Eifrig besorgt hilft er beim Einsteigen und kommt dabei mit dem Marei in nahe Berührung, was ihm angenehm ist. So alt ist er nicht, trotz erwachsener ehelicher Kinder sowie derer, für die er insgeheim zahlen muss, dass ihm bei einem so frischen Geschöpf nicht einfiele, wie man herumtaubern muss, um sich zu nähern. Könnte er sich das Marei geneigt machen, würde der Kaspar zerspringen vor Wut, und er selber hätte zudem noch sein Vergnügen. Als er das denkt, lächelt er sie so liebreich und so verheißungsvoll an, dass die sich nur wundert, wie ein Mensch sich so zu verstellen imstand ist. Aber sie sagt es nicht.
Sie geniert sich ohnehin in ihrem Bubengewand und möchte rasch fort, ohne aufzufallen. Sie wagt es auch nicht, den Herrn Reichenbach wegen einer Arbeit für den Flori anzureden. Sie lächelt verlegen, als die Gesellschaft ihnen bei der Abfahrt zuwinkt und gute Wünsche nachruft.

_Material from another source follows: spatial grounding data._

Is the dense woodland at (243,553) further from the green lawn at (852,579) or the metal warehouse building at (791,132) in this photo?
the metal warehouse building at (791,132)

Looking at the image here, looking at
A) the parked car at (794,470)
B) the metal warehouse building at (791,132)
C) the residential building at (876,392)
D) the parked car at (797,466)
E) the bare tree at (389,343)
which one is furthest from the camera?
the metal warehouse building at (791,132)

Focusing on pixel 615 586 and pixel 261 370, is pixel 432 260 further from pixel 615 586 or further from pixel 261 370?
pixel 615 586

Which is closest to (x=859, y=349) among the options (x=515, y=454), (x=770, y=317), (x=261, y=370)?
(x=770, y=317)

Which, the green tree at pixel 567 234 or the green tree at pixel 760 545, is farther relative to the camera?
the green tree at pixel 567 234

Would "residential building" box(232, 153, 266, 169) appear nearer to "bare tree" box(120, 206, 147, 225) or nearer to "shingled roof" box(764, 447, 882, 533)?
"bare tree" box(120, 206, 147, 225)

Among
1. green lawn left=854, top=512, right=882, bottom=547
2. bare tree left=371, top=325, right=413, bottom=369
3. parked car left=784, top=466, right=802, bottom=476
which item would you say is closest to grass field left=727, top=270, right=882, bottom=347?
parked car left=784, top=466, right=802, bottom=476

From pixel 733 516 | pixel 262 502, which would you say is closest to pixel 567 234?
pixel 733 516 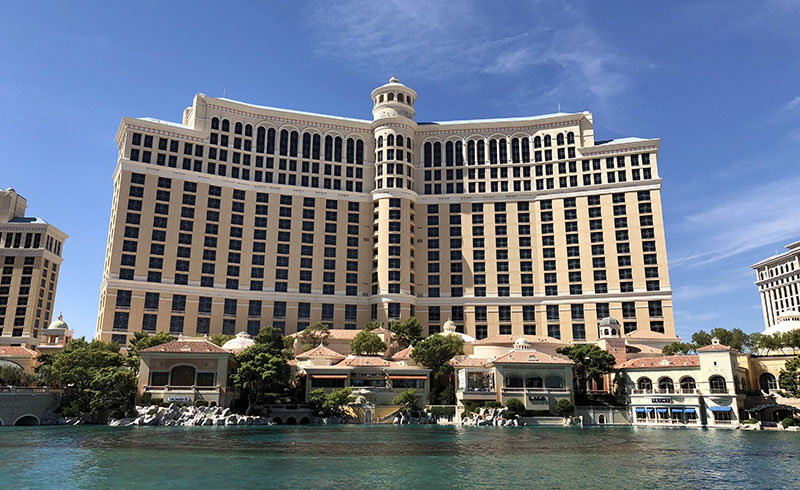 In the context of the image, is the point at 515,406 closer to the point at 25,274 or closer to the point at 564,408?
the point at 564,408

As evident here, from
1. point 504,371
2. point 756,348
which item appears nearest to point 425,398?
point 504,371

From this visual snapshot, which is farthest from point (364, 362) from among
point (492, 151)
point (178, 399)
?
point (492, 151)

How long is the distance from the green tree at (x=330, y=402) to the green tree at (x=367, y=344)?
15.6m

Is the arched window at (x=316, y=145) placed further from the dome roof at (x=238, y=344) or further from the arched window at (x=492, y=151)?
the dome roof at (x=238, y=344)

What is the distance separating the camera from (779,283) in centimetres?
17762

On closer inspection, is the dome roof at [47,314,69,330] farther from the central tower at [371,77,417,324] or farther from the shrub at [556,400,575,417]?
the shrub at [556,400,575,417]

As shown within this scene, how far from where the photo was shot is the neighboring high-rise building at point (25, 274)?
142 meters

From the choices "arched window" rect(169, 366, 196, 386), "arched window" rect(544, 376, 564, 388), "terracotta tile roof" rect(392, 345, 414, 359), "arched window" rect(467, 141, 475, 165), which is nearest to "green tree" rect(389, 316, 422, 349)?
"terracotta tile roof" rect(392, 345, 414, 359)

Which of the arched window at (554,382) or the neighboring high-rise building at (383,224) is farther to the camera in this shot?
the neighboring high-rise building at (383,224)

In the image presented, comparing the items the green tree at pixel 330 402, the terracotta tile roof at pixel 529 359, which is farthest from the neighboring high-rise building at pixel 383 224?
the green tree at pixel 330 402

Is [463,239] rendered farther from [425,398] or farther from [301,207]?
[425,398]

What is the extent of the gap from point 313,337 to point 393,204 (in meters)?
36.2

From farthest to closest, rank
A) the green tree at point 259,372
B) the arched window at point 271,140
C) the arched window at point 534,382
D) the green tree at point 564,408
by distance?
1. the arched window at point 271,140
2. the arched window at point 534,382
3. the green tree at point 564,408
4. the green tree at point 259,372

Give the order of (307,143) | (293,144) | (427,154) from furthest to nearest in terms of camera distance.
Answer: (427,154)
(307,143)
(293,144) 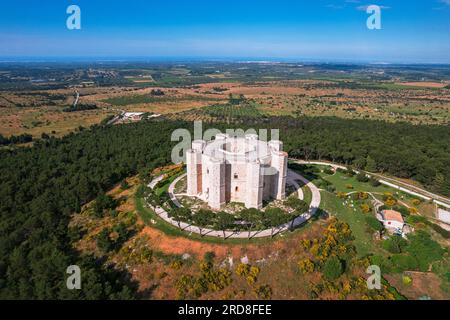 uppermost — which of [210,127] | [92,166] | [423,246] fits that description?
[210,127]

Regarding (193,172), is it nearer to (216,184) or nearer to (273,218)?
(216,184)

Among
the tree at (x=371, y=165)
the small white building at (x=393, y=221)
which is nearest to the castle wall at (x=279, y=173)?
the small white building at (x=393, y=221)

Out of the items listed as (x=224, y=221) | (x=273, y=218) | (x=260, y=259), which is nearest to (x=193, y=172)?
(x=224, y=221)

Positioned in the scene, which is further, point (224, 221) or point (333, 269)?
point (224, 221)

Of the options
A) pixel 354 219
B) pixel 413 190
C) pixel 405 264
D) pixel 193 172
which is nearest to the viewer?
pixel 405 264

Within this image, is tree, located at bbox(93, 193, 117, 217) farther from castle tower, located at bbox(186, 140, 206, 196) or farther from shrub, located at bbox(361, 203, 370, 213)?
shrub, located at bbox(361, 203, 370, 213)

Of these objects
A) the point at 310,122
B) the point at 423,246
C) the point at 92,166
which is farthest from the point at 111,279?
the point at 310,122

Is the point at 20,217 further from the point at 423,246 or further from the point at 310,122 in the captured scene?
the point at 310,122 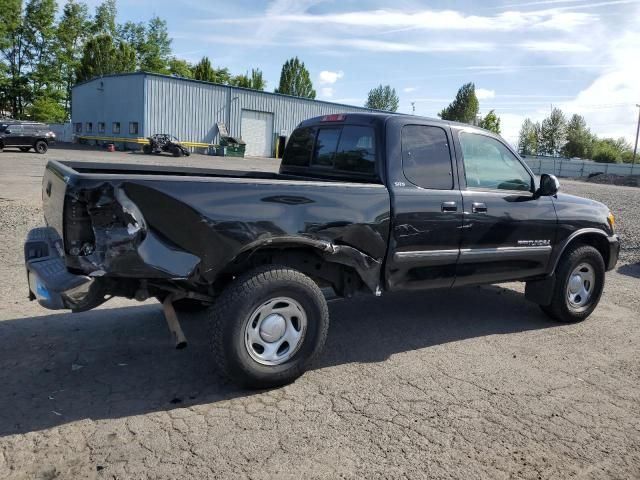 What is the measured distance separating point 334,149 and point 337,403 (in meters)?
2.38

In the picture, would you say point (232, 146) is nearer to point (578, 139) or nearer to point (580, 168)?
point (580, 168)

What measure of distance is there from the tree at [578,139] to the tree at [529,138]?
461 centimetres

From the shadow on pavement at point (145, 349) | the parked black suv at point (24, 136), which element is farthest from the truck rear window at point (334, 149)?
the parked black suv at point (24, 136)

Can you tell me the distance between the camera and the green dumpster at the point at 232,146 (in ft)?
133

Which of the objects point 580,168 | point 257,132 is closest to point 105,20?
point 257,132

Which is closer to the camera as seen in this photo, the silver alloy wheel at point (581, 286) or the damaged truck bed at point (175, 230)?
the damaged truck bed at point (175, 230)

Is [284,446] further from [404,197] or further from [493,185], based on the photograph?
[493,185]

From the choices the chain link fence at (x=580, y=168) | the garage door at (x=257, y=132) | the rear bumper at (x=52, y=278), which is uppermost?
the garage door at (x=257, y=132)

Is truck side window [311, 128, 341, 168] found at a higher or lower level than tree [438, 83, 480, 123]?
lower

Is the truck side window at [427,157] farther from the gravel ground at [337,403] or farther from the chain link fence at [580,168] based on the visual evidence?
the chain link fence at [580,168]

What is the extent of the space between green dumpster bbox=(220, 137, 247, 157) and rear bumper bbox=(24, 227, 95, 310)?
1480 inches

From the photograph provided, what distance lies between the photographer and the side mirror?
515 cm

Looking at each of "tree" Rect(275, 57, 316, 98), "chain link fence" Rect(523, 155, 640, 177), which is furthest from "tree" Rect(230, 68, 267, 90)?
"chain link fence" Rect(523, 155, 640, 177)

Sie kutschieren im leichten Trab an Kaltenbrunn und dann an Gmunds dreißig Häusern vorbei, der Flori auf dem Bock, der Brandner und das Marei im Fond wie ein hochherrschaftliches Nobelpaar, zu ihren Füßen der Söllmann. Sie staunen, wie schnell es vorangeht, vorbei am Bauern am See, den Sandweg am Ufer entlang, schauen, genießen, kommen sich stolz vor, und der Kaspar denkt, dass es so eine Ehr in seiner Jugend gewiss nicht gegeben hätte, weil man damals noch nicht demokratisch war.
Sie begegnen Abendspaziergängern, Sommerfrischlern aus der Stadt. Man trifft sie seit einiger Zeit immer häufiger. Früher war ein fremdes Gesicht was Besonderes – wer kam schon hierher außer Weinreisenden, Schmusern, Händlern mit Holz oder Vieh und gelegentlich ein paar spinnerten Engländern. Seit aber König Max I. Joseph Schloss Tegernsee zur Sommerresidenz erkor, ist es, als sei dieses Tal entdeckt worden wie weiland Amerika und seine Indianer.
Die Sonne geht hinter dem Hirschberg hinab, der See erglänzt blau und golden, in den Rainen und Wiesen ratschen die Grillen, es wird kühler und stiller. In Quirin, beim Kircherl am See, hält der Viehtrieb vom Angermanngütl sie auf. Ihr elegantes Gefährt steckt in der muhenden, trottenden Herde. Die Kühe, die heim in den Stall geführt werden, sind aufgeregt, weil ein Pferd in der Nähe ist. Die Magd vom Gütl, die Genovefa, die mit dem Marei in die vom König eingerichtete Näh- und Strickschule geht, staunt nicht schlecht, als sie die Fahrgäste erkennt.